20200720 hope probe
Hope Probe is developed by the Mohammed Bin Rashid Space Centre (MBRSC) in the United Arab Emirates (UAE) Image Credit: Reuters

The UAE boasts a long and illustrious history of making the impossible possible.

From being the world’s first country to set up an Artificial Intelligence Strategy and embracing the Fourth Industrial Revolution, to being consistently named the most generous in the world, to perfecting the science of desalinating precious water resources, to the winning bid for Dubai Expo, to setting up the Barakah Nuclear Plant to building Burj Khalifa and rolling out the driverless Dubai Metro — the annals of history are full of the UAE’s seemingly impossible achievements.

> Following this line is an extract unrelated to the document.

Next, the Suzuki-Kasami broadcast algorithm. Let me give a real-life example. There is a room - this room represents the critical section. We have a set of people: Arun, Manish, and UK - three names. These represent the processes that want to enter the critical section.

But next Tuesday, it will be a history of different dimensions altogether when the UAE’s Hope Probe enters Martian orbit — not only becoming the first Arab mission to another planet, but also firmly establishing the footprint of young Emirati scientists on the global space map. It is a mission that carries with it not just the goodwill of the UAE, but also the aspirations of millions of people across the entire Arab world in setting up an Arab presence in interplanetary journeys.

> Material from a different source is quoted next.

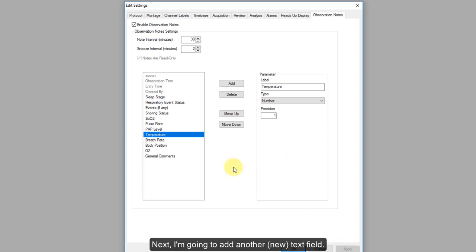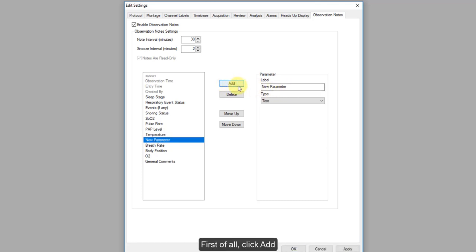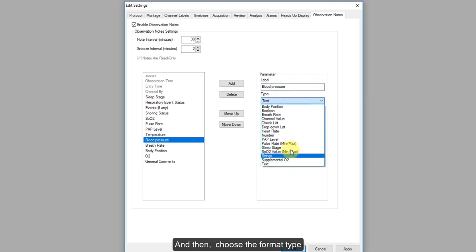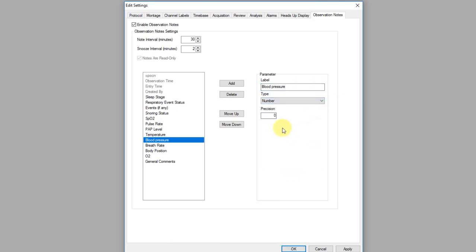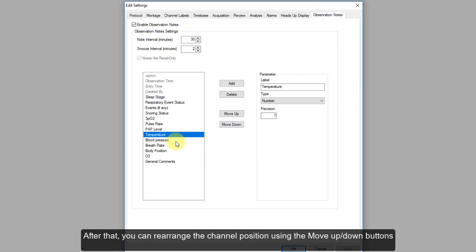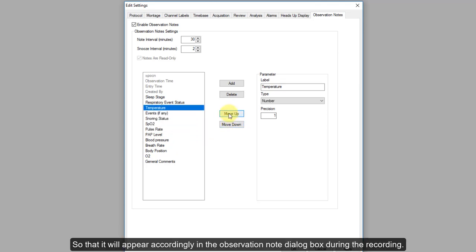Next, I'm going to add another field — Blood Pressure. Click Add, name your label, and choose the format type. In this case, I'm going to use Number again. I'll set the position to 0 and click Apply. After that, you can rearrange the sequence by pressing the Move Up or Move Down button so that fields appear in the desired order in the Observation Node dialog box during recording.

First announced in 2014 by His Highness Shaikh Mohammad Bin Rashid Al Maktoum, Vice President and Prime Minister of the UAE and Ruler of Dubai, the Emirates Mars Mission has truly been a beacon of hope amid global health and economic gloom. It has also been a powerful symbol of the UAE’s resilience — the Hope Probe was launched when the world was hit by the coronavirus crisis last year, and yet the pandemic failed to deter the UAE’s determination to carry on with the ambitious space project.

The primary mission of the probe is to study the climate of the Red Planet and provide scientists around the world with first-of-its kind data. More than 200 Emirati scientists worked on the project, with nearly 34% of them being women. At least 66 components of the probe were manufactured in the UAE. As succinctly summed up by Shaikh Mohammad, the probe “has a 50 per cent success rate in entering Mars’ orbit, but we achieved 90 per cent of our goals in building new knowledge”.

But a far bigger symbolism of the mission — planned to coincide with the UAE’s Golden Jubilee — is that it has inspired an entire country and the whole of Arab world to dream bigger, work harder and achieve higher, empowering Emirati youth with the confidence that the impossible is possible. With its focus on enabling new generations of scientists and innovators, the Mars mission is also a successful role model of how nations can invest on a peaceful and prosperous future.

The UAE has always been a source of hope around the world for generations — helping and healing humanity under the most impossible of circumstances. Next Tuesday, it will take that glorious tradition far beyond the realms of Earth — 493.5 million km to be precise — and say Marhaba Mars.